1840…

We are in the middle of various renovations of the old house. It is a constant process, but there is a particular burst of activity at present.

  • New ceilings (one collapsed a couple of weeks ago, so we are being extra careful!)
  • Redecorating Emily’s room. This was the first room we decorated when we moved here- so I reckon this is some kind of milestone- the first part of the house we have decorated twice.

  • New kitchen flooring. We had discovered that flotex, even though it is very expensive, is impossible to keep clean.
  • Clearing out all sorts of accumulations of toys, books and clutter to make space for new things to happen. Including (gulp) the cellar, which is chock full of things- wood, bits of metal, almost empty paint tins, broken furniture- that might have come in useful. But now we need the space to install a kiln.

And in stripping back the surface coverings of this old house, you always come face to face with it’s mostly mysterious past. The flowery pencil marks of workmen on the bare horsehair plaster, old brass fittings from doors long gone, bell circuits to summon servants, all hidden under bad renovations done to the building in the 1960s and 70s when the house was a converted into a guest house.

It is impossible not to wonder at the lives lived by previous generations in our old houses.
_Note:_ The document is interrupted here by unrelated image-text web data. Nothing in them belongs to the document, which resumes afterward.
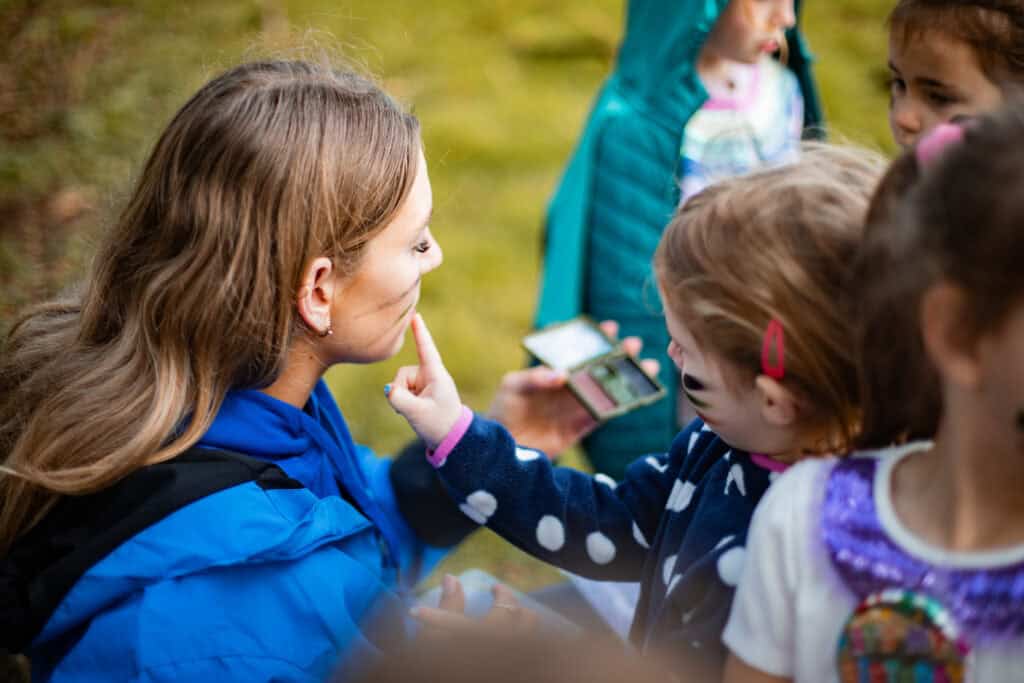 A girl finger painting some face paint on one of our friendly team leaders. our leaders love making these activities feel special.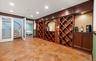 Built-in wine storage system with mahogany-toned cabinetry and integrated lighting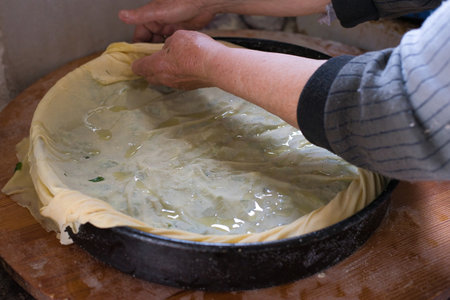 Greek Spinach Pie With Feta Cheese ,preparation of traditional village spinach pie by an elderly woman, kneading and making a pie, village of Greeceの写真素材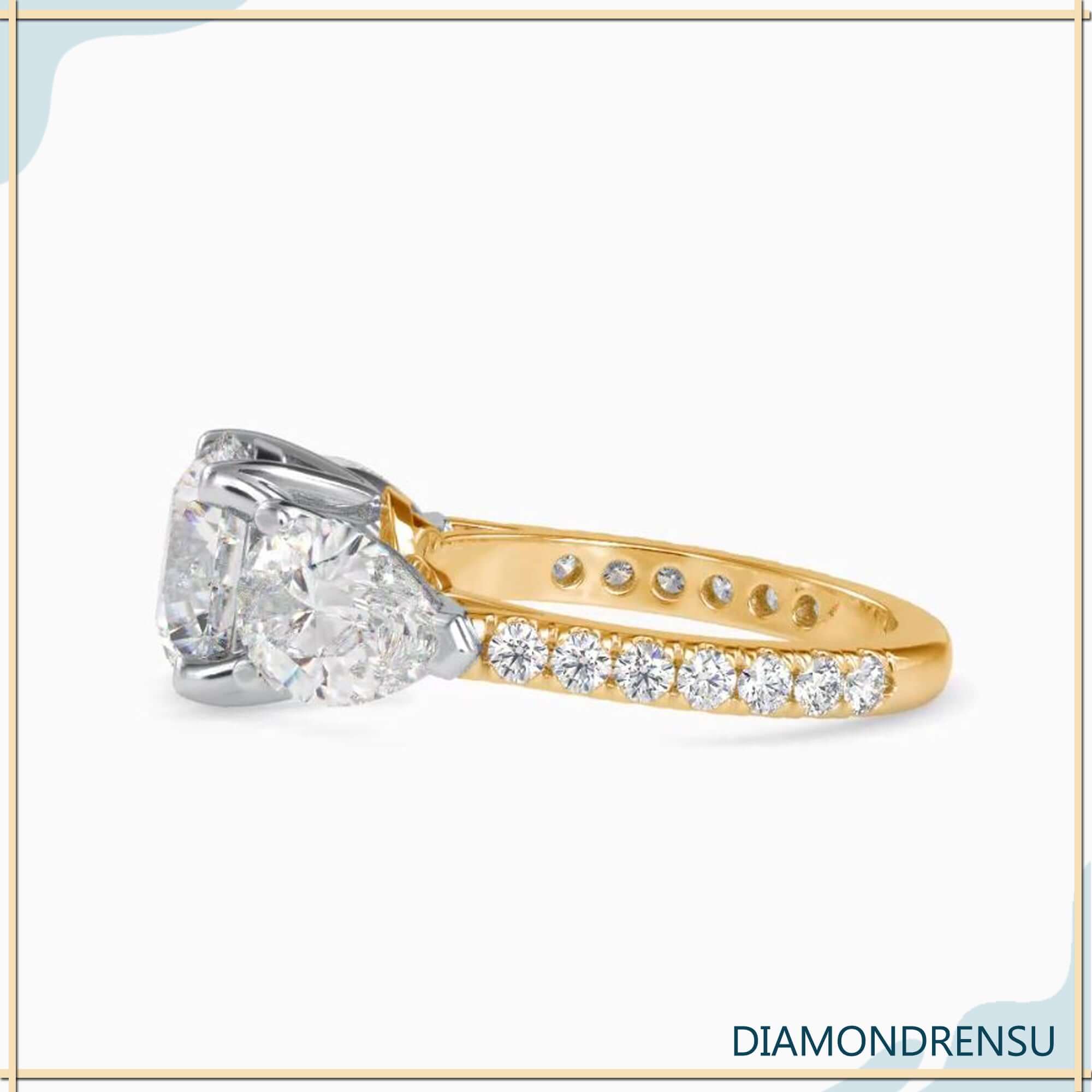 IGI certified handmade ring with round and pear diamonds.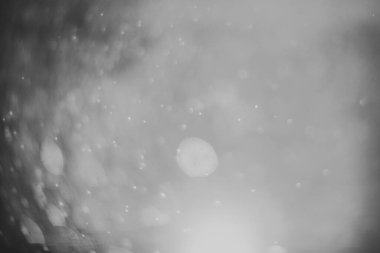 Projenizin arka planı için bulanık bir lensten Bokeh 'in siyah-beyaz görüntüsü.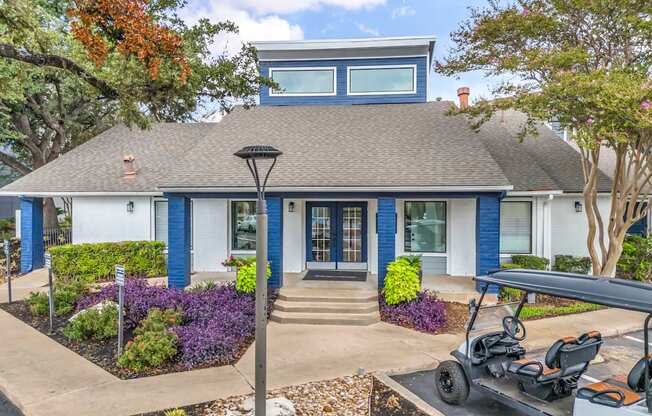 a blue house with a golf cart parked in front of it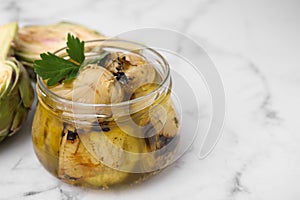 Jar of delicious artichokes pickled in olive oil and fresh vegetables on white marble table, closeup. Space for text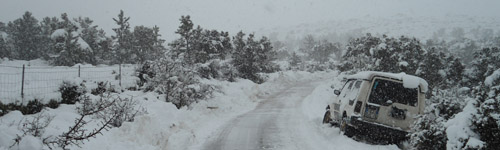 Neve lungo una strada ad Alà dei sardi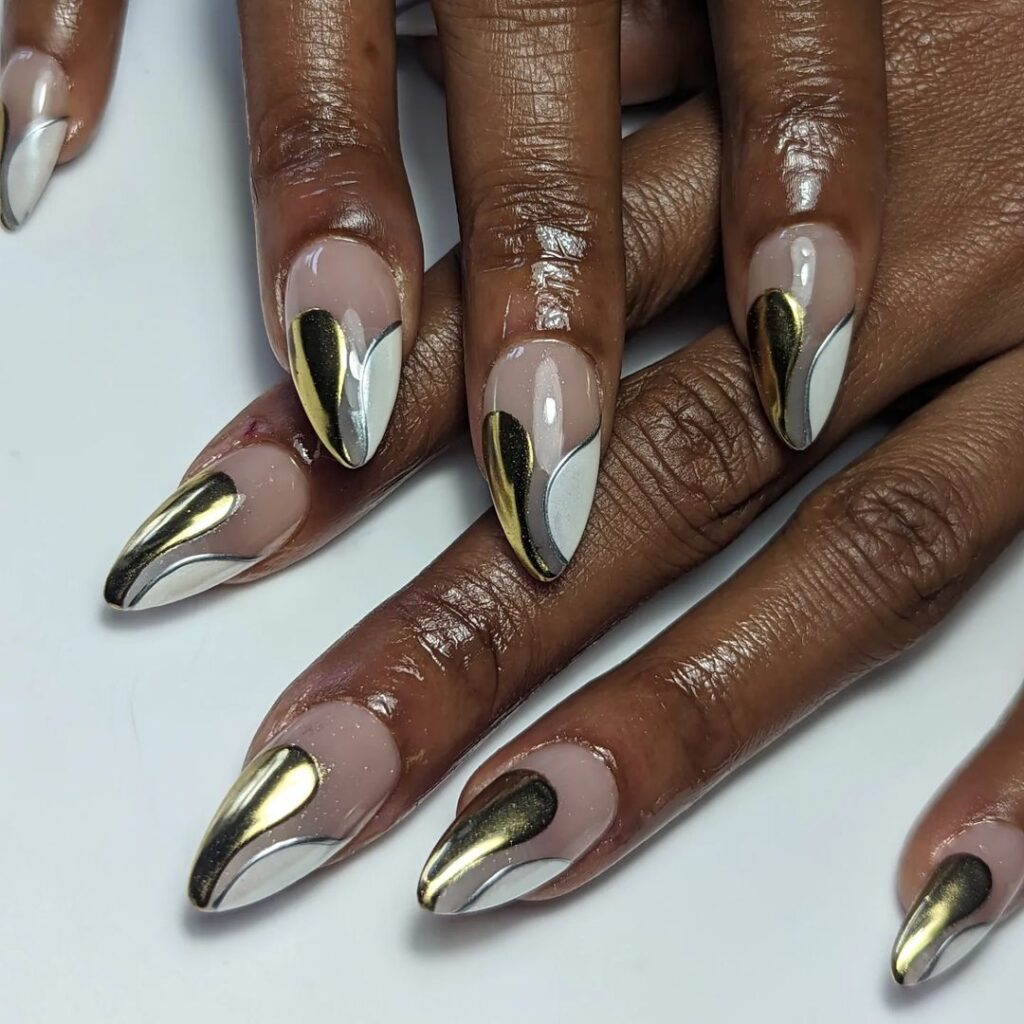 Mix-metals-and-swirls-@swiisg-thanks-for-coming-to-see-me-on-your-trip-nails-love-metal-extensions-1024x1024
This house was built in 1840, in a small town on the up. A regular ferry service was established across the Clyde around 1820, and by the 1840’s you could travel direct from Glasgow to Dunoon courtesy of the new fangled steamers. It became fashionable for prosperous Glasgow merchants to have a house ‘doon the watter’ for weekends and holy days. Merchants whose prosperity rested on the commerce of an expanding empire- whose booty poured into Glasgow from plantations of sugar, cotton and tea. A prosperity that rested on the back of slavery and oppression.

Our house was obviously not built by merchants in the top rank. It is one of two identical buildings next to one another and the story goes that they were built for two brothers. They had cornices, but not of the very ornate kind, and the proportions of the rooms were generous rather than expansive. They were sober in their success.

1840. How much has changed, and how much still is the same.

It was the year when the world’s first self adhesive postage stamp was issued- the penny black.

It was the year of the first steam crossing of the Atlantic, by the wooden paddle wheel steamer RMS Britannia.

Napoleon Bonaparte died and his body was brought back to France.

Missionary Scot David Livingstone left Britain for Africa.

Queen Victoria married Prince Albert.

And some great British workmen were knocking in the last nail of a brand new house in Dunoon, Argyll.

Curtains were chosen, and carts lined up to take heavy furniture from the shore up the hill.

A family gathered, excited and thrilled by the smell of new paint.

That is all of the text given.